WHAT NEEDS TO BE DONE. Quote the lines below from the one containing "Loose Lapels Thickening Coat For Women" to the final line, both ends included; exclude the pictures.

Top of LISTED RECORDS

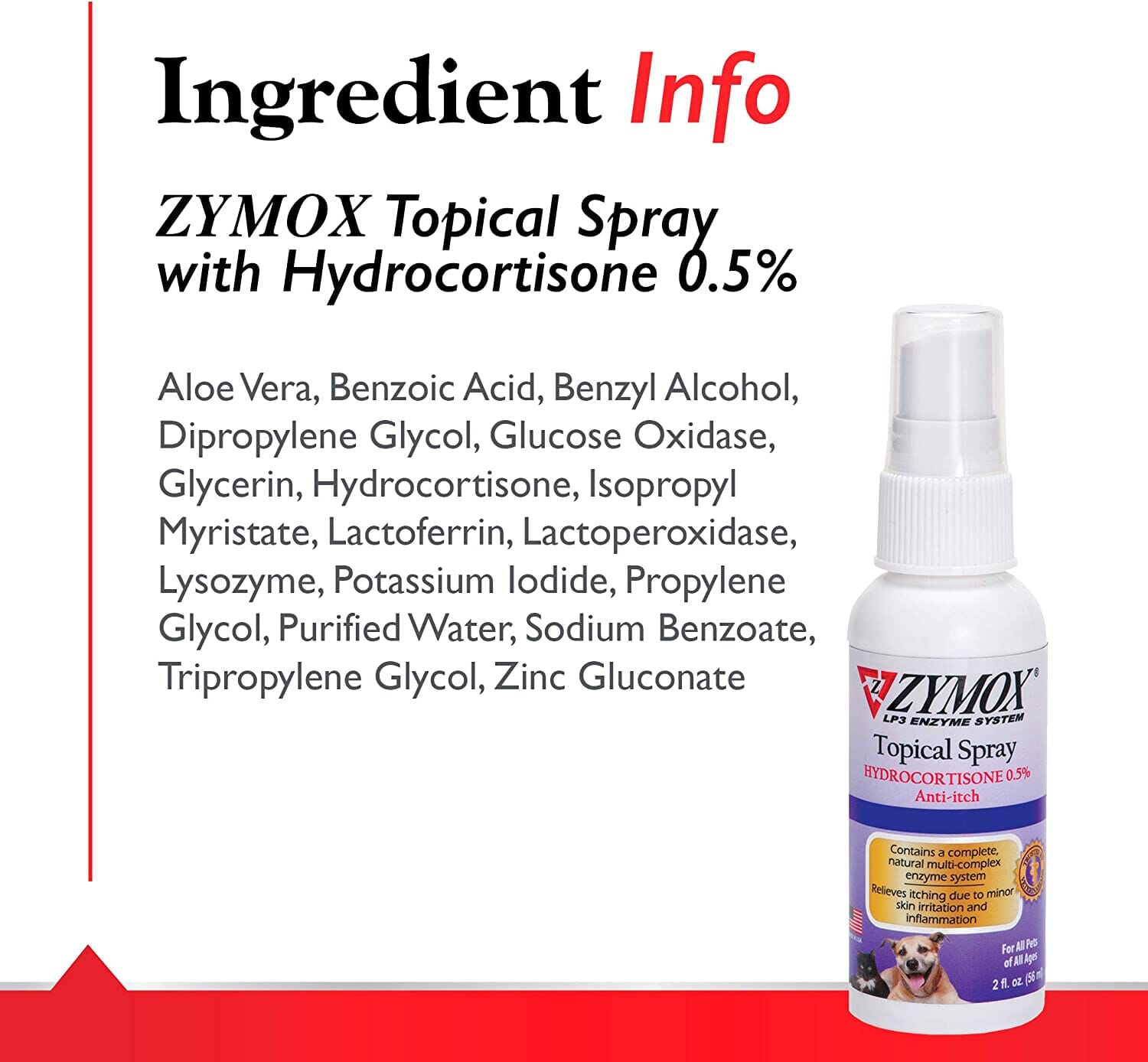 Zymox Pet Topical Spray with Hydrocortisone Dog Wound Care - 2 Oz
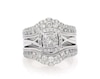 Thumbnail Image 1 of Previously Owned Princess & Round-Cut Multi-Diamond Bridal Set 1-1/4 ct tw 10K & 14K White Gold Size 7.5
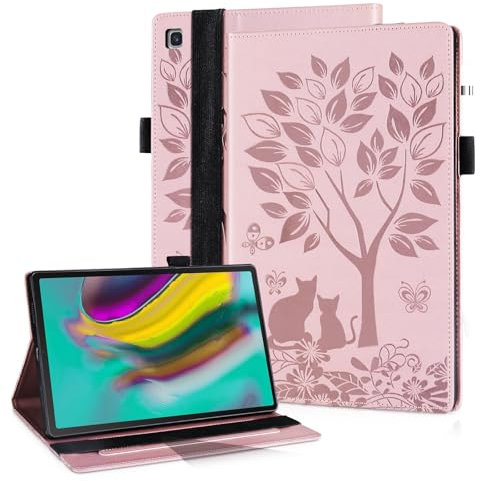 LSPCASA Custodia Per Samsung Galaxy Tab S5e 10.5 Pollici SM-T725/T720 Funzione Di Supporto Custodia Samsung S5e Con Fascia Elastica Cover Tablet Samsung S5e Rosa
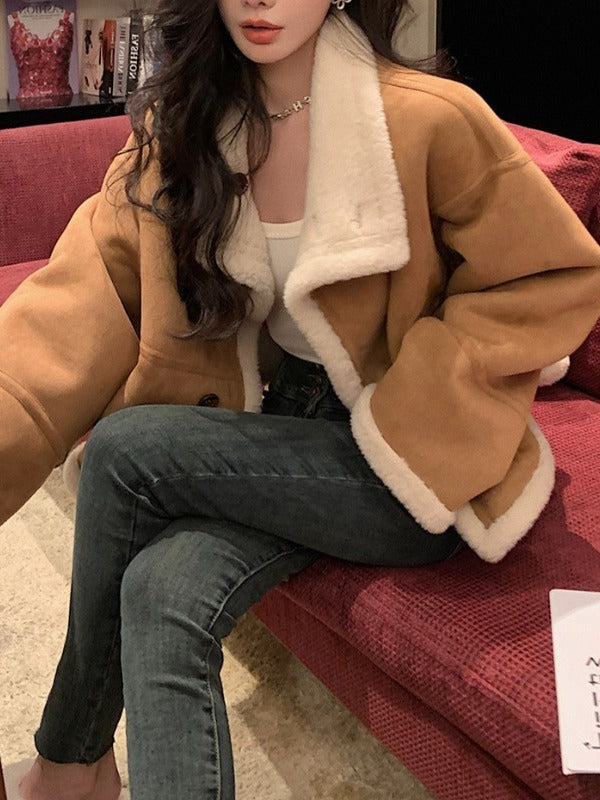 Loose Lapels Thickening Coat For Women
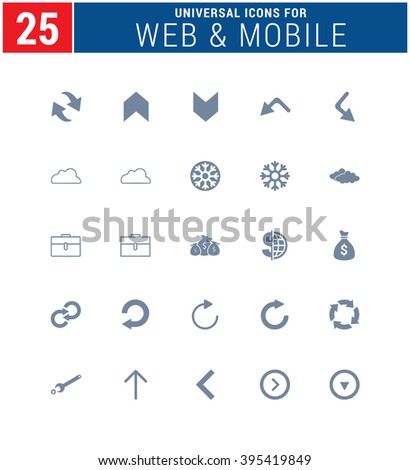 25 Universal Icons For Web and Mobile. web icons for business, finance and communication
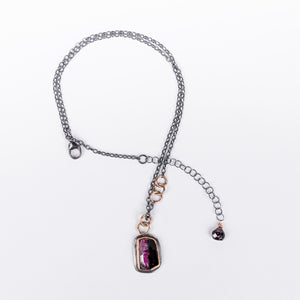 Bicolor Tourmaline with Gold & Sterling Silver Necklace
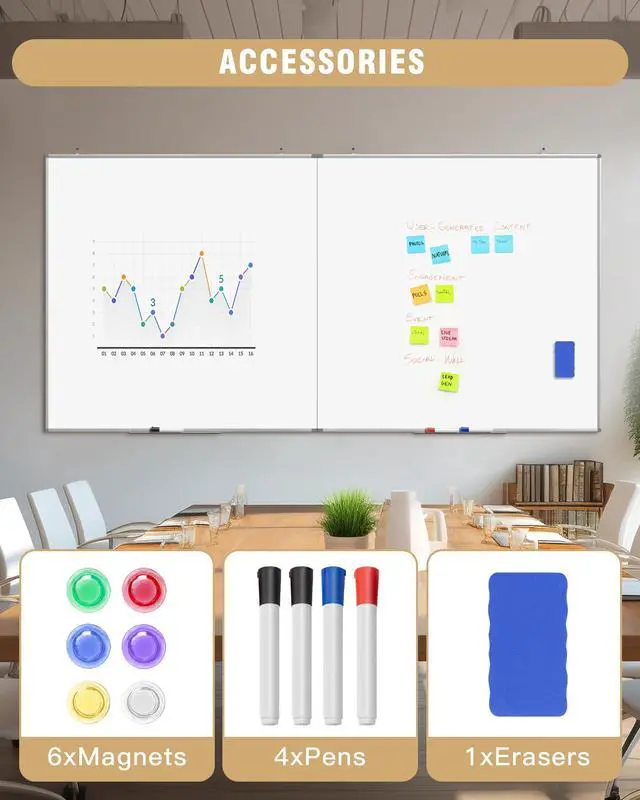 Alt view image 5 of 7 - 96"X 48" Large Magnetic Dry Erase Whiteboard, Removable Wall Hanging Board with 4 Pens & 1 Dry Erasers & 6 Magnets, Sliver Aluminum Frame White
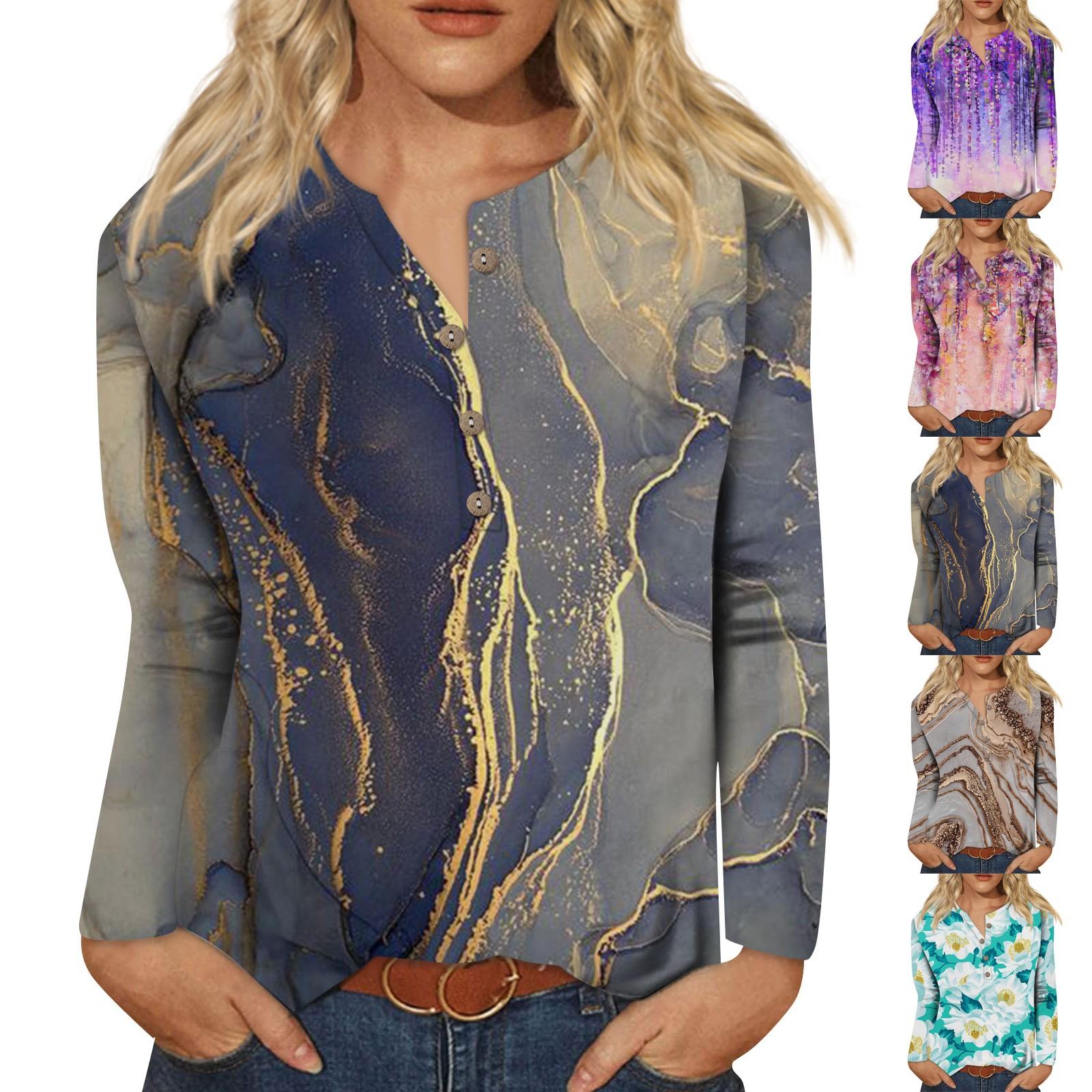 

Женская новая футболка с воротником на пуговицах с длинными рукавами и ретро-принтом Тонкие топы повседневные топы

Bottom of LISTED RECORDS

SOLUTION BELOW.
 Loose Lapels Thickening Coat For Women
 25 Universal Icons For Web and Mobile. web icons for business, finance and communication
 Bicolor Tourmaline with Gold & Sterling Silver Necklace
 Alt view image 5 of 7 - 96"X 48" Large Magnetic Dry Erase Whiteboard, Removable Wall Hanging Board with 4 Pens & 1 Dry Erasers & 6 Magnets, Sliver Aluminum Frame White

Женская новая футболка с воротником на пуговицах с длинными рукавами и ретро-принтом Тонкие топы повседневные топы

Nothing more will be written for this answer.